> [Required action] Copy only what lies from the line containing "You end up with" through the line containing "If you wish" in the entries below, keeping both end lines exact and dropping every picture.
[[ The data, beginning ]]
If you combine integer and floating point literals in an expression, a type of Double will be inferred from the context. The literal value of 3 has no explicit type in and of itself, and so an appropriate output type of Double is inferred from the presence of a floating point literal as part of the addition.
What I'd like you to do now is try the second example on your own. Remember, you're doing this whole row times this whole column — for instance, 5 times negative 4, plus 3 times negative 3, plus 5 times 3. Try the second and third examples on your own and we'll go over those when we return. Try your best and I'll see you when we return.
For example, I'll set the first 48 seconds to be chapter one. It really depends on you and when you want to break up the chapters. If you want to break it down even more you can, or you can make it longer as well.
[[ The data, end ]]
[[ The data, beginning ]]
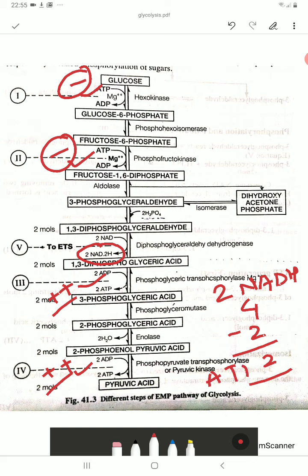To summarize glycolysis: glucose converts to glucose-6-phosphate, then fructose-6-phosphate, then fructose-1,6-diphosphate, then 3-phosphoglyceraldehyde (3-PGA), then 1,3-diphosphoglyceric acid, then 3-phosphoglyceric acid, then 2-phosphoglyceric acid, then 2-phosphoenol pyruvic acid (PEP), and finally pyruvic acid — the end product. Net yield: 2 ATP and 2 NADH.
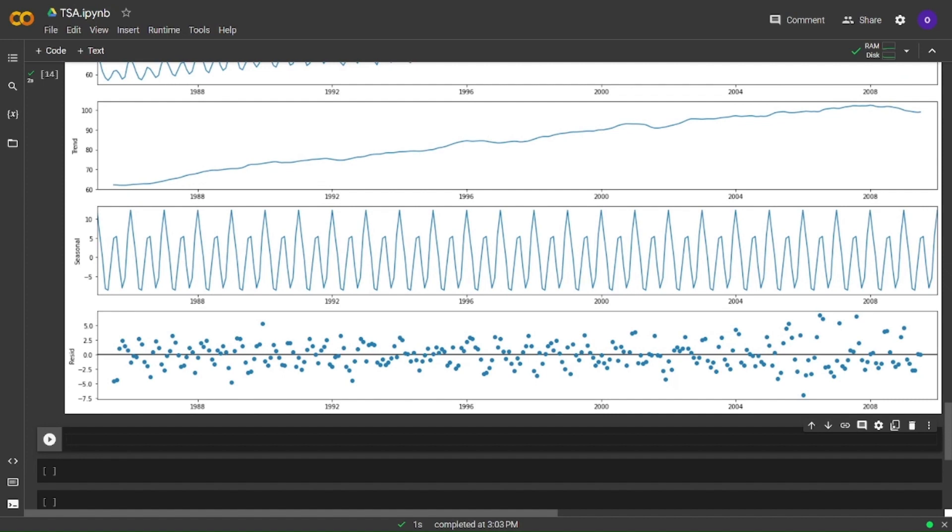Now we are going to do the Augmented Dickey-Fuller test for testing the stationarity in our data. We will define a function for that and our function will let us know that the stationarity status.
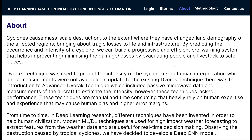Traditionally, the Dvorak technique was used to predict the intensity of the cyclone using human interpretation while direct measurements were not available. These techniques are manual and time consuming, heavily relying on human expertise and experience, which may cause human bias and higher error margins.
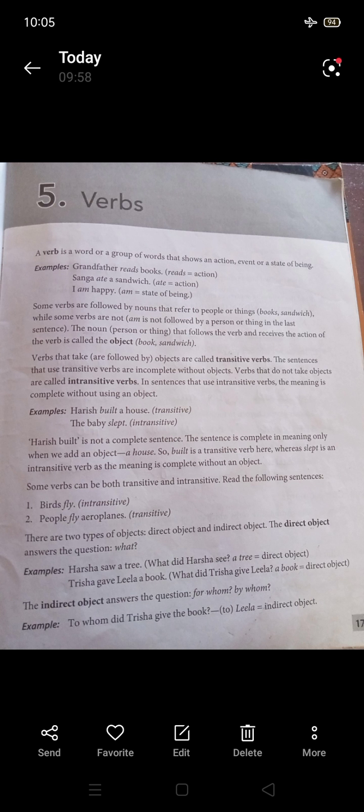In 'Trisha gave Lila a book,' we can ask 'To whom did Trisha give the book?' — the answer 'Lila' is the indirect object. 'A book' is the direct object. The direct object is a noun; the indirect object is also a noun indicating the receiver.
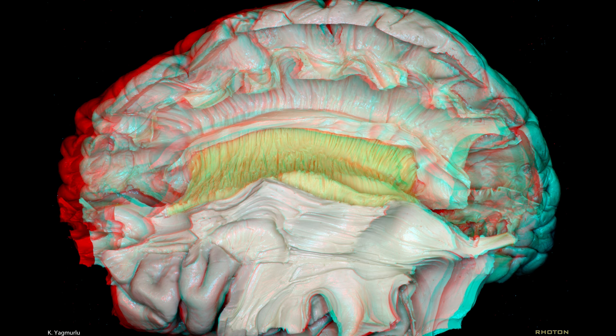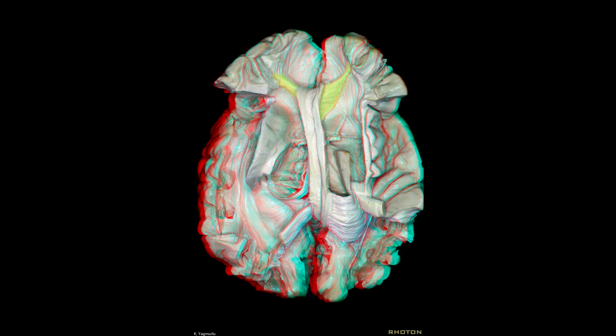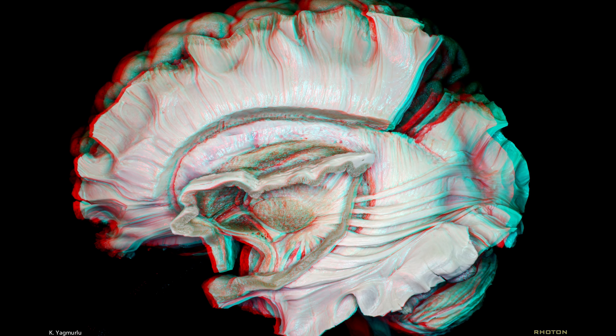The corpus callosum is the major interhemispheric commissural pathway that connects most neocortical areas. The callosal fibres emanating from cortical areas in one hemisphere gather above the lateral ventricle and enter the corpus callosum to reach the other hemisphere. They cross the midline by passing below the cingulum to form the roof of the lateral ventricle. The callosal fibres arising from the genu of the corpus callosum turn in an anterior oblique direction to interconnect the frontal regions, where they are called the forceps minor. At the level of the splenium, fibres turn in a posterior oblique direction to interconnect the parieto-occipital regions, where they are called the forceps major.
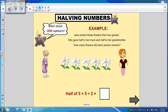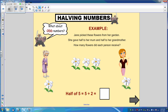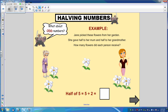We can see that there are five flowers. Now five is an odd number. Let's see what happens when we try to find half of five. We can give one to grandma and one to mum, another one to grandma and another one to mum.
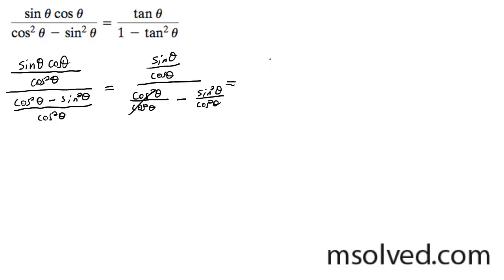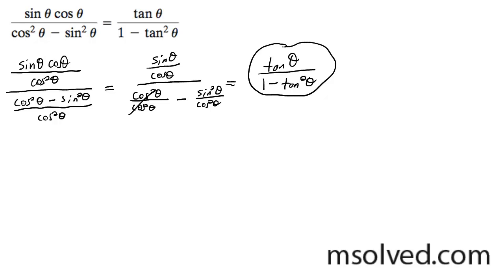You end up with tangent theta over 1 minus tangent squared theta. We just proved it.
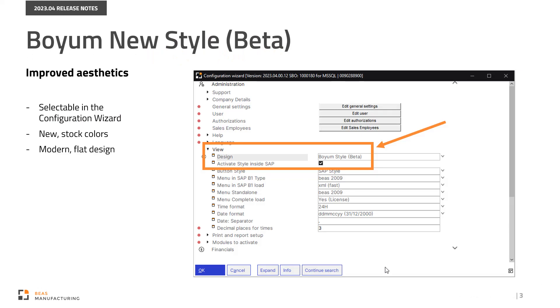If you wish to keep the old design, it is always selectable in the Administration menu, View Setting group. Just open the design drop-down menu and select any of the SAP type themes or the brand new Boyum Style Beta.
[[ The data, end ]]
> [Response area]
You end up with tangent theta over 1 minus tangent squared theta. We just proved it.
If you wish to keep the old design, it is always selectable in the Administration menu, View Setting group. Just open the design drop-down menu and select any of the SAP type themes or the brand new Boyum Style Beta.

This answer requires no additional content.